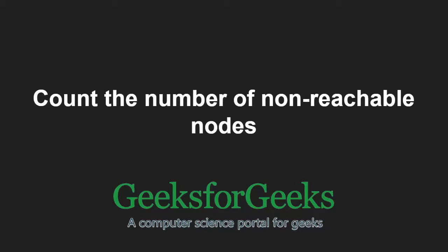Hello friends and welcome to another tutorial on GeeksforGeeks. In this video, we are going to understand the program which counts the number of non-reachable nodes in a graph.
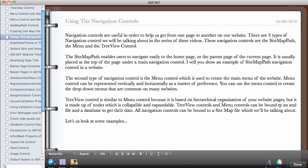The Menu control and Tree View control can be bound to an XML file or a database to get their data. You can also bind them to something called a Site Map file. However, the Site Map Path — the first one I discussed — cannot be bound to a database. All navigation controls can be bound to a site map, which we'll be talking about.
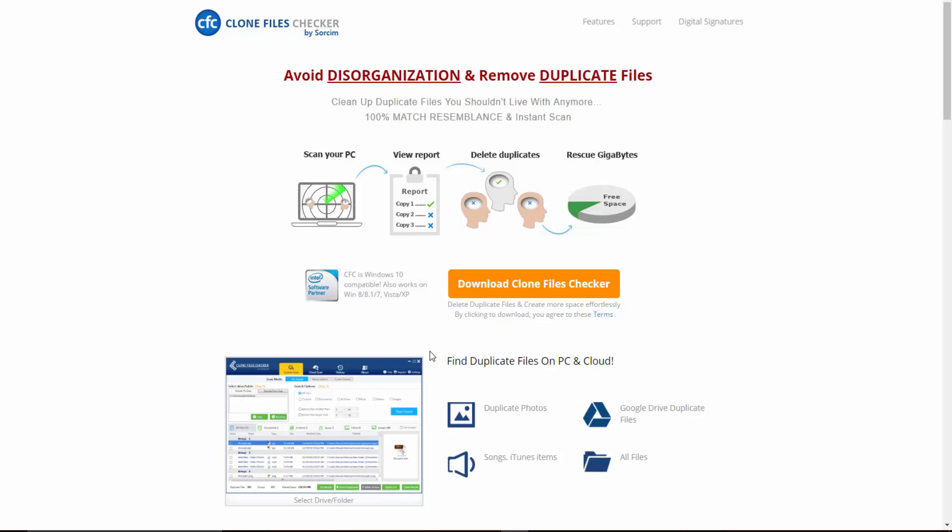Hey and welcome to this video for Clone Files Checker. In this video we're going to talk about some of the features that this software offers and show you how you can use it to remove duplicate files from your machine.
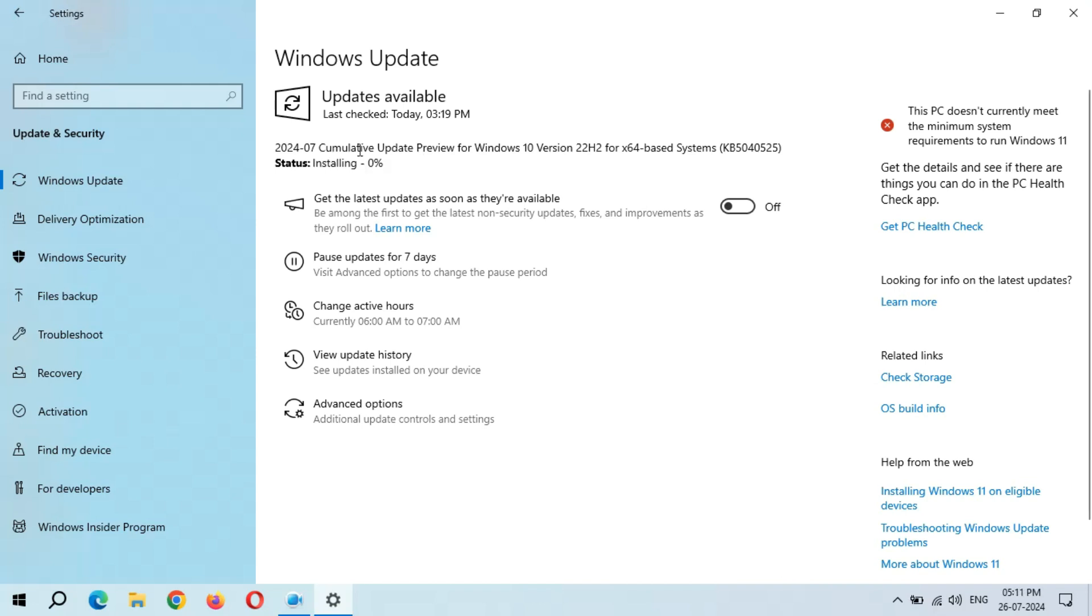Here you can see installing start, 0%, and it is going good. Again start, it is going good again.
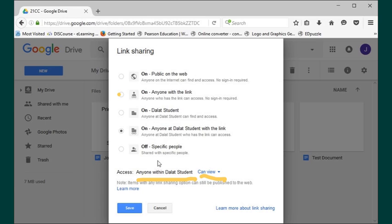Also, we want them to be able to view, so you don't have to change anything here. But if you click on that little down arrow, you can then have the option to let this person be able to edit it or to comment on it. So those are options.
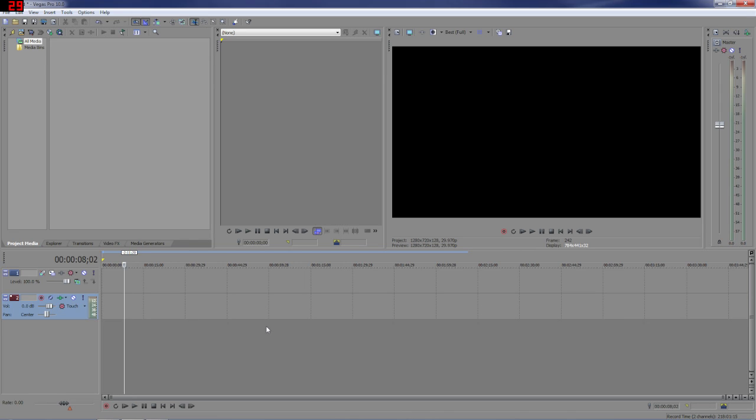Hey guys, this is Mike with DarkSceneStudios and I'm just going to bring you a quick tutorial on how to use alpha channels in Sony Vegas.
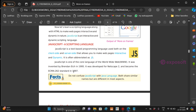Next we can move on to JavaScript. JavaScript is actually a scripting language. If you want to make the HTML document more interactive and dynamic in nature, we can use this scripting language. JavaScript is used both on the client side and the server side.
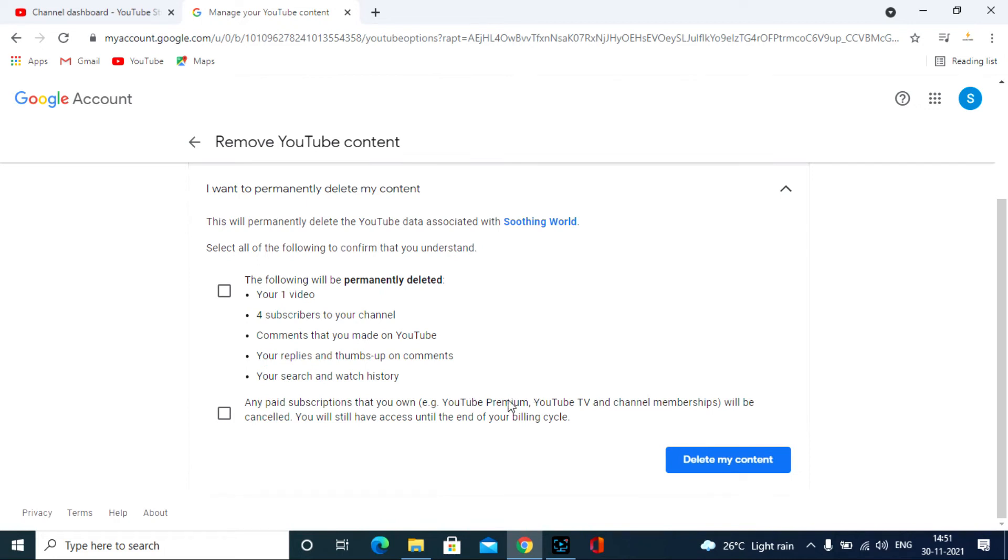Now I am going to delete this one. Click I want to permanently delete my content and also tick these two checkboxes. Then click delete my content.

| Work request |
Exactly the lines starting at the one above with "The Menu control" and ending at the one with "Also, we want" should be printed, and nothing else. Omit the pictures.

| Reply to the task |
The Menu control and Tree View control can be bound to an XML file or a database to get their data. You can also bind them to something called a Site Map file. However, the Site Map Path — the first one I discussed — cannot be bound to a database. All navigation controls can be bound to a site map, which we'll be talking about.
Hey and welcome to this video for Clone Files Checker. In this video we're going to talk about some of the features that this software offers and show you how you can use it to remove duplicate files from your machine.
Here you can see installing start, 0%, and it is going good. Again start, it is going good again.
Also, we want them to be able to view, so you don't have to change anything here. But if you click on that little down arrow, you can then have the option to let this person be able to edit it or to comment on it. So those are options.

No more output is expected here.